I walked into a store and I was greeted with, “Hi, can I help you?”
Yes, I’m doing some wiring for an aunt, replacing exhaust fan in her bathroom, and I need to talk with your electrical expert.”
“Oh, I don’t think we have anyone, let me check.” And with that they invited me to follow them and we found a person who might be able to help. But they couldn’t. But that person said we should check with… and led me to another person, But they couldn’t answer me either. One last person in the store who might be able to help, but he was busy with another person.
I said I would wait. And I did. They person who might be able to help me was engaged in problem solving with another person and it was taking a while. But I was reminded in a timely fashion that the gentleman would be with me as soon as he was finished with the other customer. It was a while, but I waited. At first a little annoyed at how long it was taking, didn’t they know I was waiting? But then I was encouraged; this man was making sure he did everything to help the other customer; when it was my turn I was confident he would give me sufficient time for help I needed. And he did.
Later that day I walked into another store and was greeted with, “Hi, can I help you find something today?” My reply, “No, my wife is in the craft store next door and I’m just browsing.” The response was, “Oh, that’s great, just let me know if you need anything and I’ll be happy to help. We’ve opened this store about a year ago and I’m still trying to get to know people. Are you from around here?”

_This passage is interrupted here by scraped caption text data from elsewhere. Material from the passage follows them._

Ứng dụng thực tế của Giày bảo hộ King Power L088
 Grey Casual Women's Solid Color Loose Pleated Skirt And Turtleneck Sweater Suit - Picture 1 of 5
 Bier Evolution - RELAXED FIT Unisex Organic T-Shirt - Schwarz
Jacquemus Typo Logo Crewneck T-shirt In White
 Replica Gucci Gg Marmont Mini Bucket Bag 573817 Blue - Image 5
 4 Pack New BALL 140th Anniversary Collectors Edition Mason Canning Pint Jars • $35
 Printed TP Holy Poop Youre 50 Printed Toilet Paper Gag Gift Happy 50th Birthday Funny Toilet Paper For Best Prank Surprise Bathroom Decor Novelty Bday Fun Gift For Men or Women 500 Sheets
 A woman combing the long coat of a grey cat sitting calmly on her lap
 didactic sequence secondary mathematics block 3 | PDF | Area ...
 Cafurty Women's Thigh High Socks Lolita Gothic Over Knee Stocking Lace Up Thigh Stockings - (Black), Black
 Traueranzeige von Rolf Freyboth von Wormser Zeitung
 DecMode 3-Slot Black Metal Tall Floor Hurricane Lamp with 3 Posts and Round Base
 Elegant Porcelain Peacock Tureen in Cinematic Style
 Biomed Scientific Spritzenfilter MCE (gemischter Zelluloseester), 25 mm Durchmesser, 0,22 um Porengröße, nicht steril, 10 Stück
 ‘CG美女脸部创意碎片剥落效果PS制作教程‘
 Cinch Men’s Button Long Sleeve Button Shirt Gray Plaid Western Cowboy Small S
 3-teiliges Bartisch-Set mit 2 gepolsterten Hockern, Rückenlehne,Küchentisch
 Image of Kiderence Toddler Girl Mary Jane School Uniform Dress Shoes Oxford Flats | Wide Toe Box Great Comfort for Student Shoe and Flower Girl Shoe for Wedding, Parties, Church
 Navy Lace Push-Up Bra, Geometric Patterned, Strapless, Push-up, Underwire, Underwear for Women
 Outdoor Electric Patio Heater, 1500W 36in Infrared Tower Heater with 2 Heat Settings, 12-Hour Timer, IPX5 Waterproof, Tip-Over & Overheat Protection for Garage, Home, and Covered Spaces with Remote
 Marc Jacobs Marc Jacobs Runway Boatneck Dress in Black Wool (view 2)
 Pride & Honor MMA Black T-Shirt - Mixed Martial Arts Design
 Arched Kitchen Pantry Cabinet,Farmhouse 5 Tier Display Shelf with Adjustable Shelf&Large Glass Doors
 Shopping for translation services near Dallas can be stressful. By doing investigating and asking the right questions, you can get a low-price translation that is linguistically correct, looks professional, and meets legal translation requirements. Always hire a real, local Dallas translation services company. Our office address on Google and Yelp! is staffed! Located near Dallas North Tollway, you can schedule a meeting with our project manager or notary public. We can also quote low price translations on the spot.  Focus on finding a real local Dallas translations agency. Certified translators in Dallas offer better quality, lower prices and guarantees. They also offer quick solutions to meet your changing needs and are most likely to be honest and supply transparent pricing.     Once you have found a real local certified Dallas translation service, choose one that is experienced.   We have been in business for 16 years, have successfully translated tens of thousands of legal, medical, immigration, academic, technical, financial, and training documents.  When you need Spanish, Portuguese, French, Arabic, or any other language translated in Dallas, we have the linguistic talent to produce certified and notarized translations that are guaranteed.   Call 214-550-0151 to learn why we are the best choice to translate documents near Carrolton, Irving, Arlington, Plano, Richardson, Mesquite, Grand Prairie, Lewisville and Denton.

From that point a most pleasant conversation opened up and we talked the time away until I felt I needed to check on Shirley. It was a pleasant experience and I look forward to visiting that store again when I am in that town. In fact, if I need something that they handle I may very likely wait to buy it until we visit Shirley’s aunt again.
An interesting experience. Leadership is customer service. In both cases I was treated as an important customer even though I wasn’t there to purchase. I never felt pressured and I never felt like they were patronizing me with the intent that if they helped me now I would buy later. I never felt that way, but afterwards, in retrospect, I feel that way.
Great leaders know, but are often unaware of the consequences of their actions. But their actions brings great awareness of the strength of their leadership.